Там, у изголовья узкой железной кроватки, висел на голубой ленточке образок в золоченой ризке.
Лиза оглянулась, украдкой перекрестилась, отвязала ленточку, положила образок прямо на подушку и побежала снова к зеркалу.
Там, лукаво улыбаясь, перевязала ленточкой свою косичку и снова изогнулась.
Вид был тот же, что и прежде. Только теперь на конце крысиного хвостика болтался грязный, мятый голубой комочек.
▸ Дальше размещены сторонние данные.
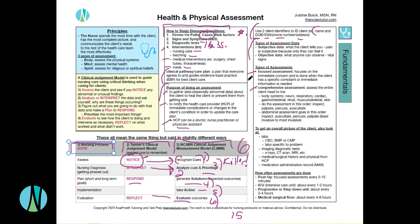A focused assessment focuses on the client's immediate concern and is done when the patient has a very specific complaint or there's immediate information needed. A comprehensive assessment is your entire head-to-toe assessment — going through the body systems: neuro, respiratory, cardiac, GI, renal, musculoskeletal, skin. Typically you do the assessment in this order: inspect, palpate, percuss, and then auscultate. For the abdominal assessment, it goes inspect, auscultate, percuss, then palpate — from least invasive to most invasive — because you don't want to upset the stomach and then listen with a stethoscope and get hyperactive bowel sounds from pressing on them.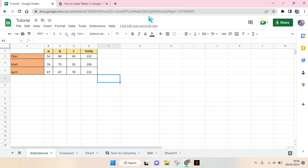Hey guys, back with me again in the channel. So on today's video, I'm gonna show you how you can make a chart in Google Sheets. There are a lot of chart types that you can create in Google Sheets.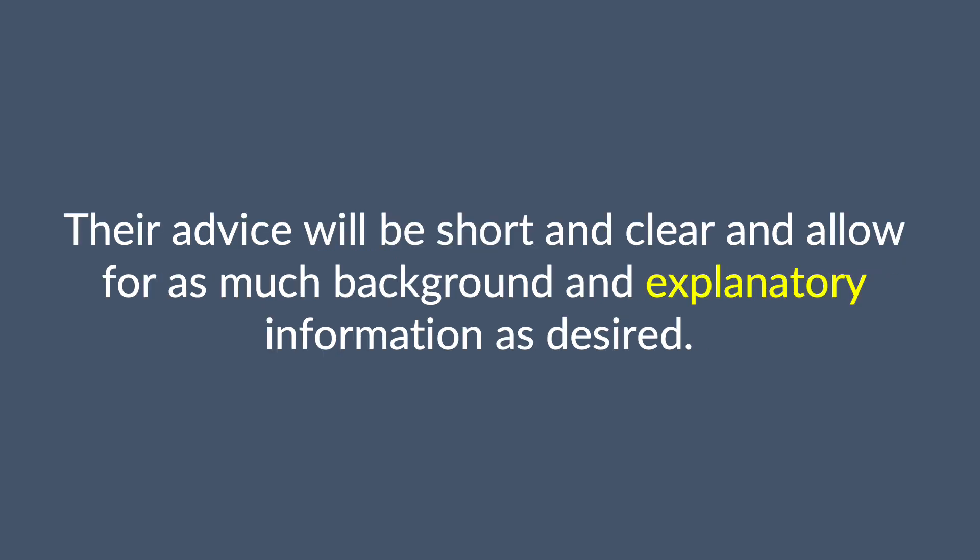Their advice will be short and clear and allow for as much background and explanatory information as desired.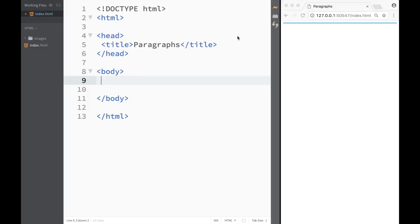Welcome to this HTML tutorial in Brackets. In this video we're going to add text to our website. We learned how to create a heading and an image, and now we want to add some text to the web page.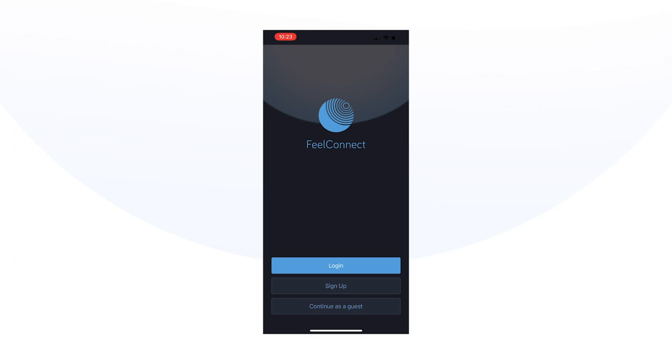Welcome to FeelConnect, the app that allows you to connect with 2D and VR content, letting you experience the immersive future of interactivity.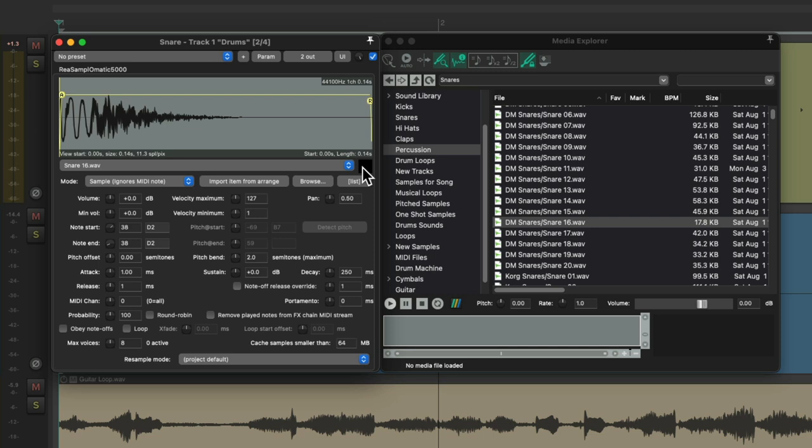Again, we heard it in the context of our production to see if this snare is going to work with our bass, the guitar loop, and the other drums we already chose.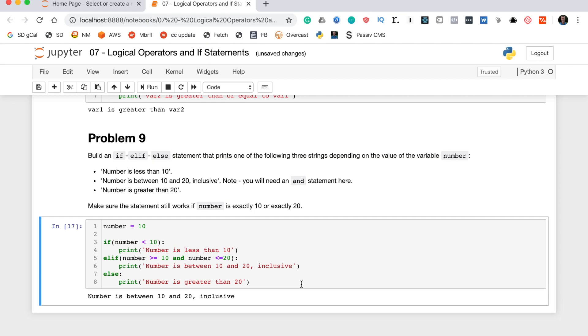This concludes our practice problems on logical operators and if statements. Thanks so much for watching — be sure to subscribe if you want more Python content and general software development content that will teach you to be a better engineer over time.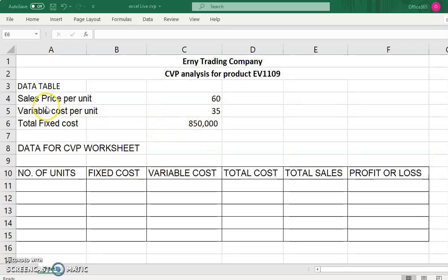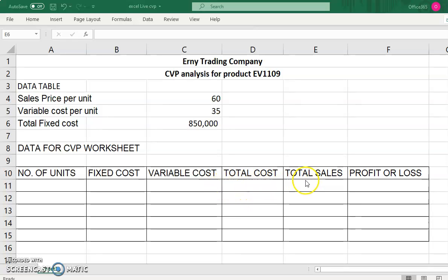The data given is: sales price is RM60, variable cost per unit is RM35, and total fixed cost is RM850,000. You need to build the CVP worksheet, which consists of columns for number of units, fixed cost, variable cost, total cost, total sales, and profit or loss related to the number of units produced and sold. We assume the number produced and sold are equal.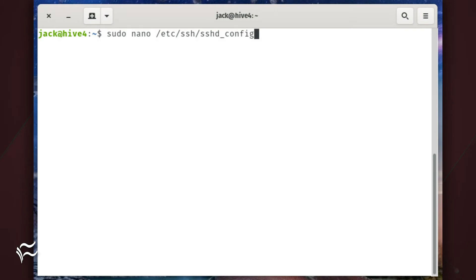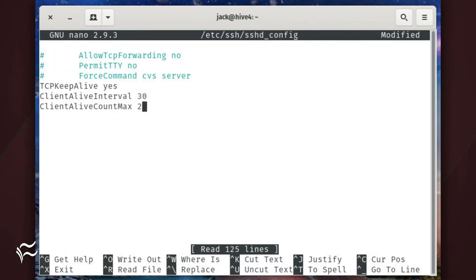Open the configuration file on the server for editing with the command sudo nano /etc/ssh/sshd_config. Scroll to the bottom of that file and add the following three lines.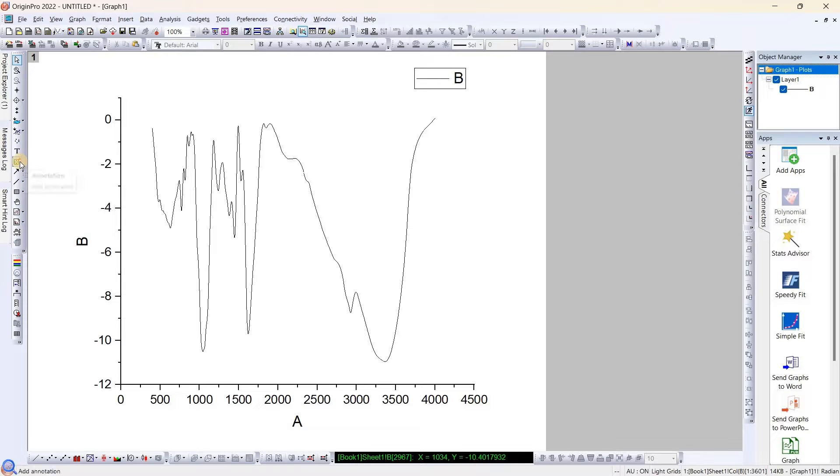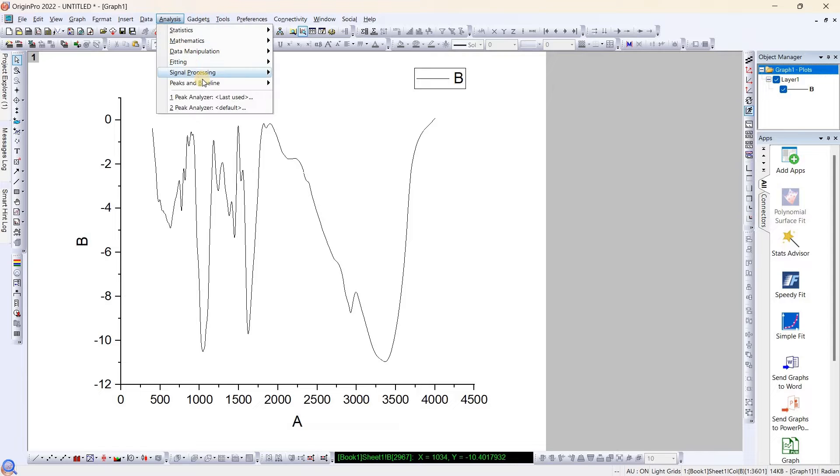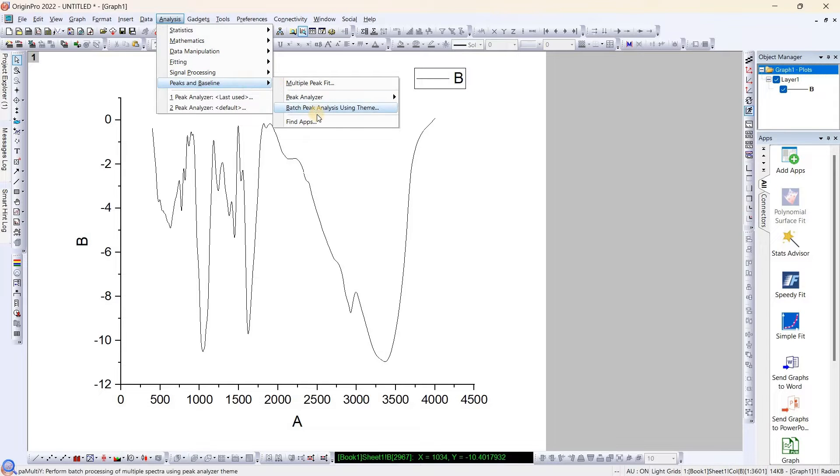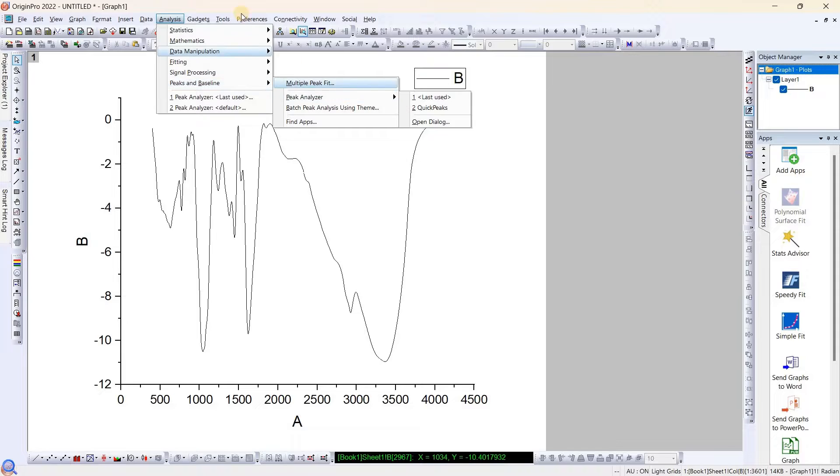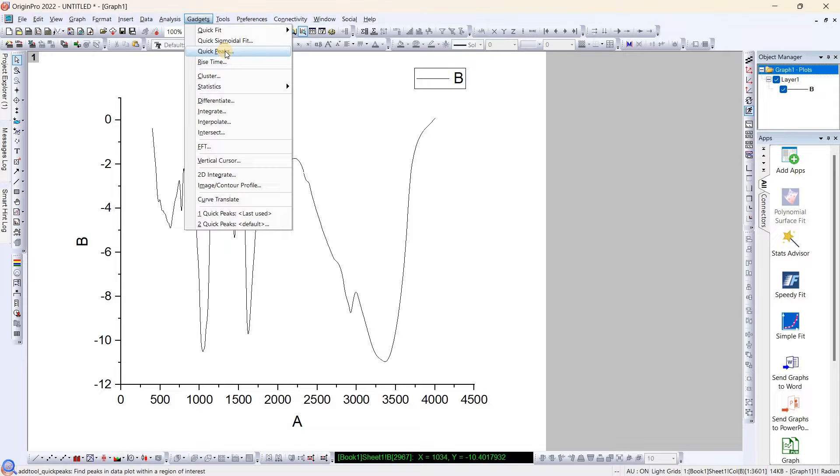First one is the annotation method where you can find manually in your graph. Second method is going to Analysis, Peak and Baseline. And third method, which I prefer to find the peak, is the Quick Peaks. Based on your convenience and kind of graph, you can choose any of these methods.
— Красавица! — шептала Лиза. — Ты рада, что ты — красавица?
Сердцем красавица,
Как ветерок полей,
Кто ей поверит,
Но и обман.
Какие странные слова! Но это ничего. В романсах всегда так. Всегда странные слова. А может быть, не так? Может быть, надо:
Кто ей поверит,
Тот и обман.
Ну, да! Обман — значит, обманут.
Тот и обманут.
И вдруг мелькнула мысль:
— А не обманывает ли ее Катя? Может быть, у нее никакого романа и нет. Ведь уверяла же она в прошлом году, что в нее на даче влюбился какой-то Шура Золотивцев и даже бросился в воду. А потом шли они вместе из гимназии, видят — едет на извозчике какой-то маленький мальчик с нянькой и кланяется Кате.
— Это кто?
— Шура Золотивцев.
— Как? Тот самый, который из-за тебя в воду бросился?
— Ну да. Что же тут удивительного?
— Да ведь он же совсем маленький!
А Катя рассердилась.
— И вовсе он не маленький. Это он на извозчике такой маленький кажется. Ему же двенадцать лет, а старшему его брату — семнадцать. Вот тебе и маленький.
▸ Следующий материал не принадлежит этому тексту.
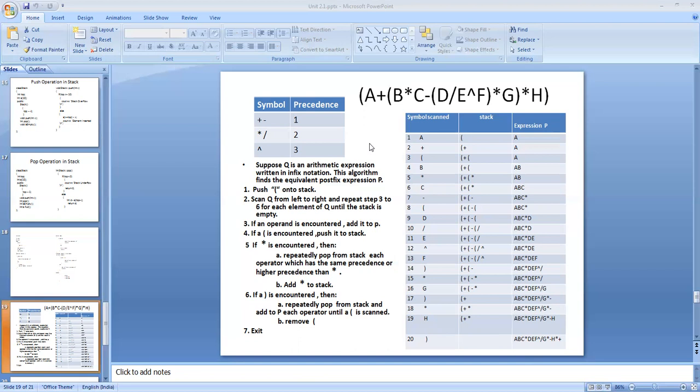This is an example of an application of a stack. We can see how extensively the stack is used to convert an infix expression into a postfix expression. We will implement this in the form of a program in the coming days. There is also another application of a stack: evaluating a postfix expression, finding the answer for a given postfix arithmetic expression. That is also an application of the stack.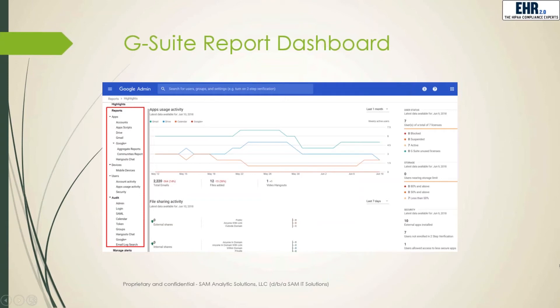It's a super handy tool for your administrators to keep an eye on how your employees are using the G Suite apps and services, and ensuring that HIPAA best practices are being adhered to.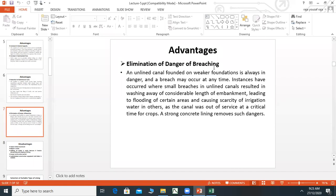Elimination of danger of breaching: Breaching of the canal does not occur in a lined canal. If you have an unlined canal, there is a risk of breaching at any time. But if the channel is lined, you don't have to worry about breaching.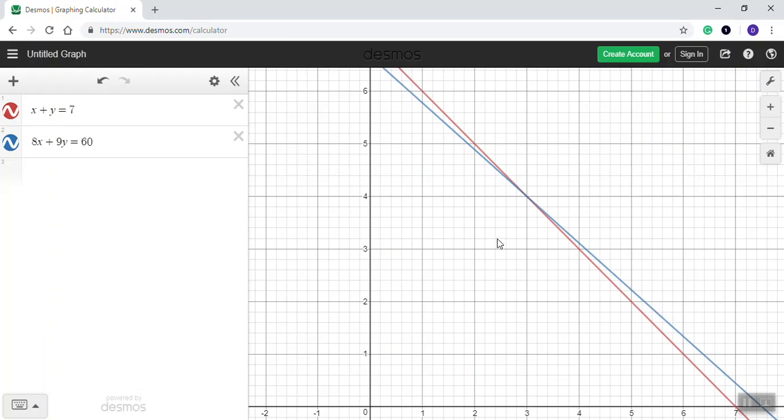Now, this is sometimes an approximation because you can't get an exact answer using Desmos. It's just where does it appear to intersect. But for purposes of this topic, that's good enough.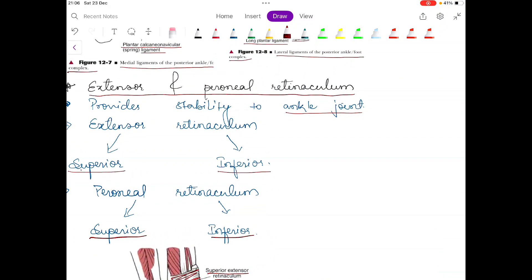So in this video we covered ligaments and capsules of the ankle complex. In the next video we will talk about some different structures or joints of the ankle complex, or possibly the knee complex. Thank you so much for watching.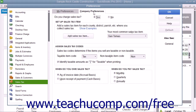At the top of the Company Preferences tab, the Yes option button for the Do You Charge Sales Tax question should be selected to enable sales tax within your QuickBooks company file.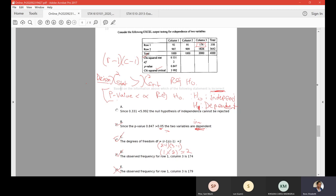Since the test statistic of 0.331 is less than the critical value of 5.996, we do not reject the null hypothesis — the two variables are independent. The statement should also say independent. Option A is also correct: the test statistic of 0.331 is less than the critical value of 5.996, so we do not reject the null hypothesis and can state the variables are independent. The only incorrect answer is option E.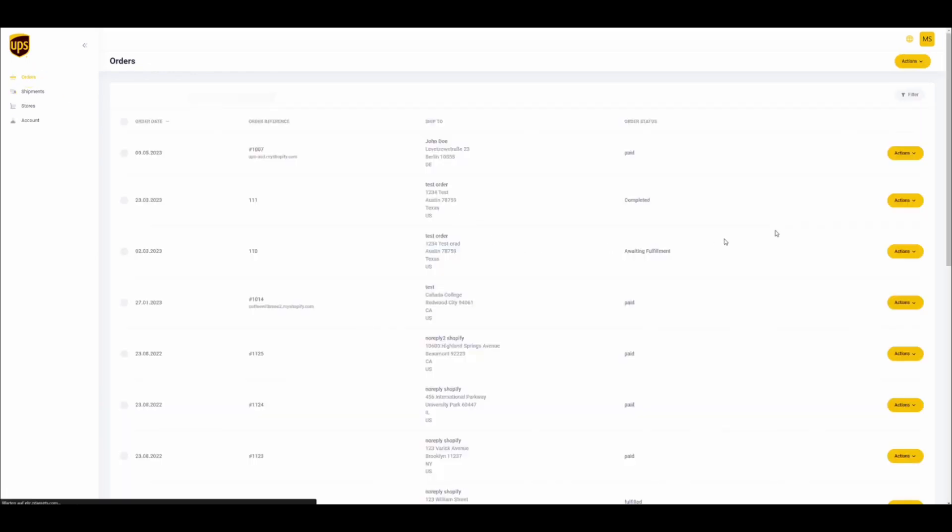Within the orders section, you can see that if a domestic shipment is selected, the pre-configured domestic account number will be used.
Лиза смутно чувствовала, что это — не аргумент, что старшему брату может быть и восемнадцать лет, а самому Шуре все-таки только двенадцать, а на вид восемь. Но высказать это она как-то не сумела, а только надулась, а на другой день, во время большой перемены, гуляла по коридору с Женей Андреевой.
Лиза снова повернулась к зеркалу, потянула косичку, заложила голубой бантик за ухо и стала приплясывать.
Послышались шаги.
Лиза остановилась и покраснела так сильно, что даже в ушах у нее зазвенело.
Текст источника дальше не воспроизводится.